Le corps du chien n’est tout simplement pas équipé pour encaisser ça. Contrairement à l’humain, il ne transpire quasiment pas par les coussinets, ce qui les rend particulièrement vulnérables à un contact prolongé avec une surface surchauffée. Et la mécanique de la brûlure va vite. À partir de 52 °C, les brûlures commencent ; en une minute de marche sur un trottoir surchauffé, les dégâts peuvent atteindre le deuxième degré, avec cloques, saignements et douleur intense. Certaines estimations sont encore plus sévères sur le seuil critique : à cette intensité, la peau du coussinet subit des brûlures du troisième degré en moins de 60 secondes. Le pire, c’est que rien ne prévient le maître avant coup. Le problème, c’est que votre chien ne va pas forcément se plaindre tout de suite, beaucoup continuent à marcher par excitation ou par habitude, sans montrer de signes visibles de souffrance. La boiterie n’apparaît souvent qu’une fois de retour à la maison, quand le mal est déjà fait.
Adapter les sorties plutôt que subir la chaleur
Le premier réflexe, celui qui évite tout le reste, consiste à décaler les horaires de promenade. Entre 11 h et 16 h en période de canicule, le bitume est une zone interdite pour les coussinets. Un simple changement d’heure fait une différence mesurable : décaler sa sortie de deux ou trois heures suffit parfois à diviser par deux le risque de brûlure. L’ombre joue aussi un rôle qu’on sous-estime largement. L’ombre d’un arbre peut faire chuter la température du sol de 15 à 20 °C par rapport à un trottoir en plein soleil, si bien que le même quartier peut être sûr d’un côté de la rue et dangereux de l’autre. Un détail à ne pas négliger non plus : le test doit se faire au bon endroit. Faites le test à l’endroit exact où votre chien va marcher, pas sur l’herbe voisine qui, elle, reste fraîche.
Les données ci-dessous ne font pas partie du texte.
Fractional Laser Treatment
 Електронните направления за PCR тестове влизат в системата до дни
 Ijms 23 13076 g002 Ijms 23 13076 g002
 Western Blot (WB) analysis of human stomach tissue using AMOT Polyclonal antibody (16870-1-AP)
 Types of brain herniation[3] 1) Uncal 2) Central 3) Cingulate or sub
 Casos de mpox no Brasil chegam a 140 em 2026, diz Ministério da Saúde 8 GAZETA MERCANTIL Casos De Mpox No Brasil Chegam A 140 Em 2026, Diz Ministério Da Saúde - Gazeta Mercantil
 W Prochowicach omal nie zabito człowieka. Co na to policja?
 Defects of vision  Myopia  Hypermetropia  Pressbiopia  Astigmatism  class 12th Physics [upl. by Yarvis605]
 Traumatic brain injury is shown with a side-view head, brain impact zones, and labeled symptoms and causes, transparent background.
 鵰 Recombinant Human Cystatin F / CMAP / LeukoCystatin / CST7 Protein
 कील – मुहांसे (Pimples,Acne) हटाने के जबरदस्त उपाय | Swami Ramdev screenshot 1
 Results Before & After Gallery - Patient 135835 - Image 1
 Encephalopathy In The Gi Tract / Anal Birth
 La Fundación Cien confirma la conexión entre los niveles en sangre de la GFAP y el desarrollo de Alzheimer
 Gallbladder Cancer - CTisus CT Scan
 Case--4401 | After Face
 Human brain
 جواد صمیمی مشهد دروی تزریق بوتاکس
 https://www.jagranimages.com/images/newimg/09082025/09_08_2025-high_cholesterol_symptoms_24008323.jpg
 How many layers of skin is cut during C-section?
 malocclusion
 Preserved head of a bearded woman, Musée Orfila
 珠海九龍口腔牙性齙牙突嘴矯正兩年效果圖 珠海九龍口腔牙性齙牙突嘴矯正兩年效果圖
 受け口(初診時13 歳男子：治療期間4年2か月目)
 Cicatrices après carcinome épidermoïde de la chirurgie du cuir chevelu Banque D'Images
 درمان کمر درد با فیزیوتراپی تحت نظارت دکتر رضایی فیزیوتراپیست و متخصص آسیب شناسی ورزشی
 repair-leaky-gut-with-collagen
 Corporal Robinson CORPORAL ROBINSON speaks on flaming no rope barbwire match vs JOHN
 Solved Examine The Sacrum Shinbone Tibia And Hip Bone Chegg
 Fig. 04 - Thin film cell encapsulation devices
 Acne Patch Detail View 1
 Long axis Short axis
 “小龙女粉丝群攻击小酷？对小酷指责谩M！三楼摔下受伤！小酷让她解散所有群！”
Si malgré ces précautions une brûlure survient, la rapidité d’action compte énormément. Retirez immédiatement le chien de la surface chaude, rincez les coussinets à l’eau fraîche (pas glacée) pendant 10 à 15 minutes, puis direction le vétérinaire sans attendre que l’inflammation s’installe. À l’inverse, l’usage de glace directe est déconseillé : un refroidissement trop brutal peut abîmer davantage le tissu déjà fragilisé.
Un dernier point mérite d’être connu avant l’été prochain : le bitume n’est pas la seule surface à surveiller. Sable fin en plein soleil, plaques métalliques, grilles de ventilation ou même certaines pelouses synthétiques peuvent atteindre des températures comparables, parfois pires que l’asphalte classique. Le test de la main reste valable partout, et il ne coûte rien, sinon quelques secondes d’inconfort qui, cette fois, ne concernent que vous.